# 11 Year Old's back legs seemed to give and she fell.



## Shellbug (Nov 14, 2013)

I would have it looked at. It could have been as simple as a pinched nerve or perhaps she just lost strength. I know sometimes my legs loose strength if I have been sitting too long ?


----------



## cgriffin (Nov 30, 2011)

I would have her checked out at the vet's office and also have some blood work done on her and take it from there. Episodes like this are always worrisome in our seniors.


----------



## Jennifer1 (Mar 31, 2012)

I would also take her in to get looked at. It could be a symptom of arthrits and maybe it is time to look at getting her on some sort of meds. It could be something unrelated to her arthritis. I think it's worth a trip to the vet for a once over and blood work


----------



## murphy1 (Jun 21, 2012)

My golden, Casey, who passed in 03' developed weakness in his back legs. We couldn't go for walks anymore by the age of 12, which upset him.
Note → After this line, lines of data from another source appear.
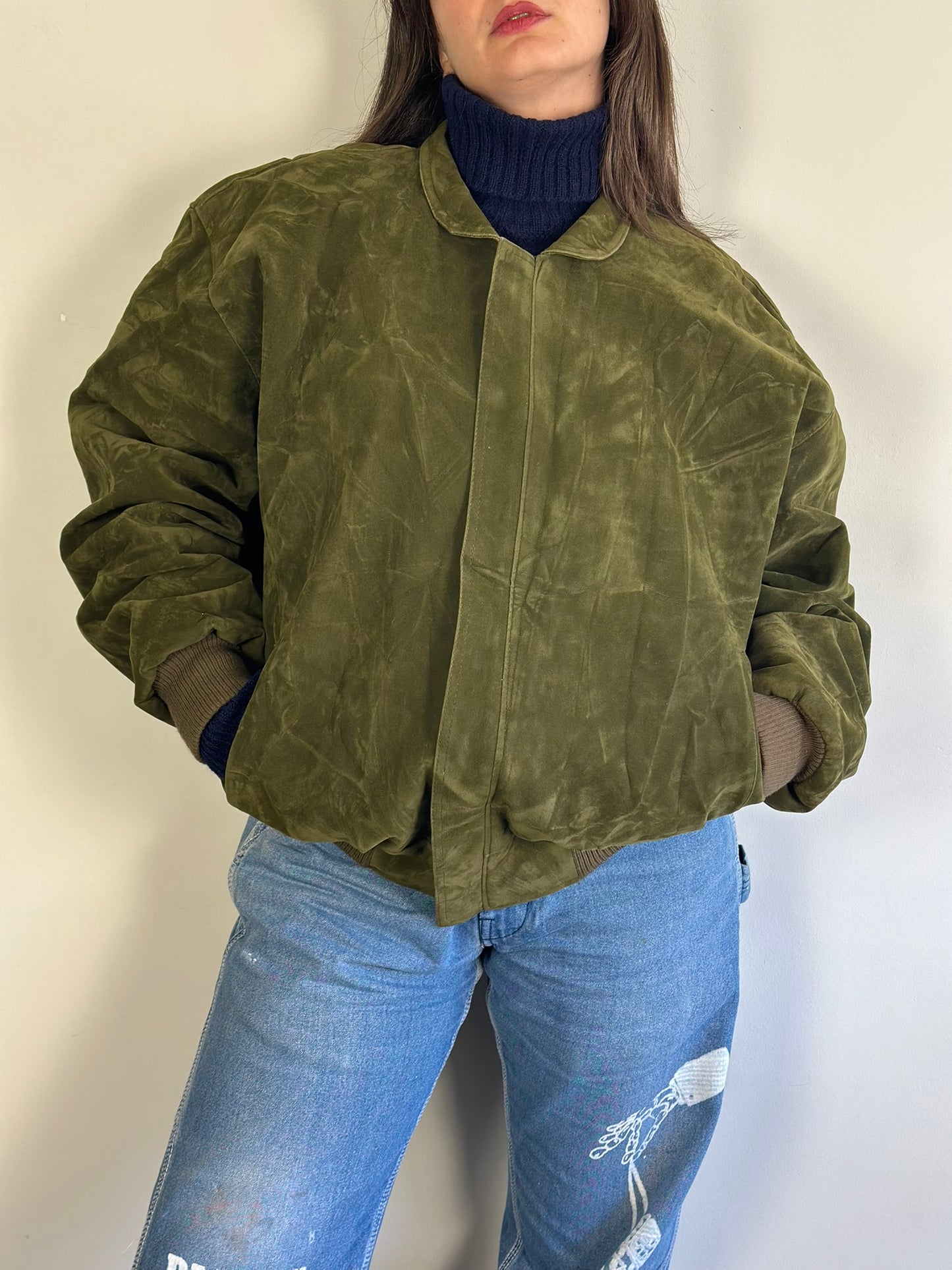 Olive Green Suede Bomber Jacket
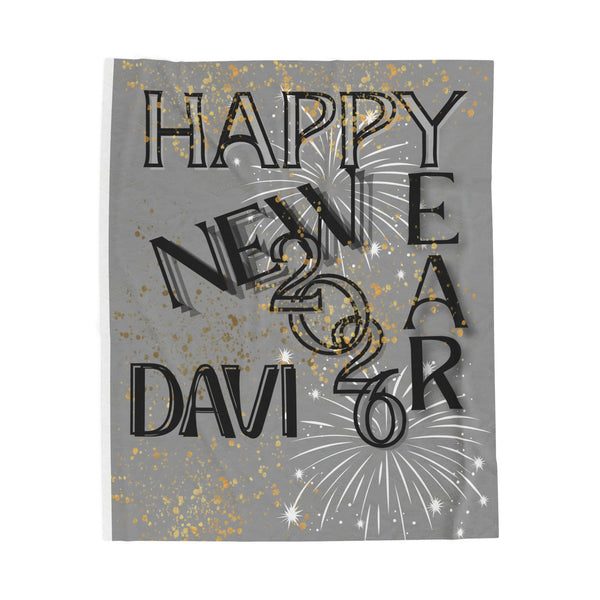 New Year Celebration Velveteen Plush Blanket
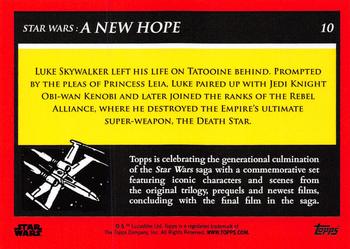 2018-19 Topps Star Wars Galactic Moments Countdown to Episode IX #10 Luke Skywalker Back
It progressed and by the age of 12 1/2 to him splaying, which the vet said was very painful. Eventually he'd walk across the room and poop would come out. He'd always turn around....wondering who could do suck a thing!
He lived a long active life but the arthritis became difficult for him.


----------



## charliefoxtrot (Jan 14, 2014)

Thanks everyone. I'm definitely taking her to the vet this week for blood work. She is on dasuquin and metacam her her arthritis and denamarin for her liver. Her groin is still bothering her from her TTA surgery/knee injury recovery. She tweaked it from compensating for knee stability. 


Sent from Petguide.com Free App


----------



## GoldensGirl (Aug 2, 2010)

Welcome to the Forum!

Several potential causes of weakness in the back legs come to mind, with arthritis probably the most common. My Joker has it and is on weekly Adequan injections, which make a world of difference for him. 

Other things that can help include chiropractic treatments, acupuncture, and physical therapy, especially use of an underwater treadmill and/or canine swimming facility to strengthen muscles without stressing painful joints.

Good luck and please keep us posted.


----------



## beauboy (Feb 19, 2014)

charlie,have a 11 year old,same problem.arthritis in hips and back,struggles to get up,legs tremble quite a bit,back legs have given way twice.have tried EVERYTHING under the sun,no help.out of frustration i started giving beau an organic supplement i take for arthritis in my hands and the results were amazing.


----------



## charliefoxtrot (Jan 14, 2014)

I took Molly to the vet today and she checked out ok. The vet thinks she most likely slipped and scared herself.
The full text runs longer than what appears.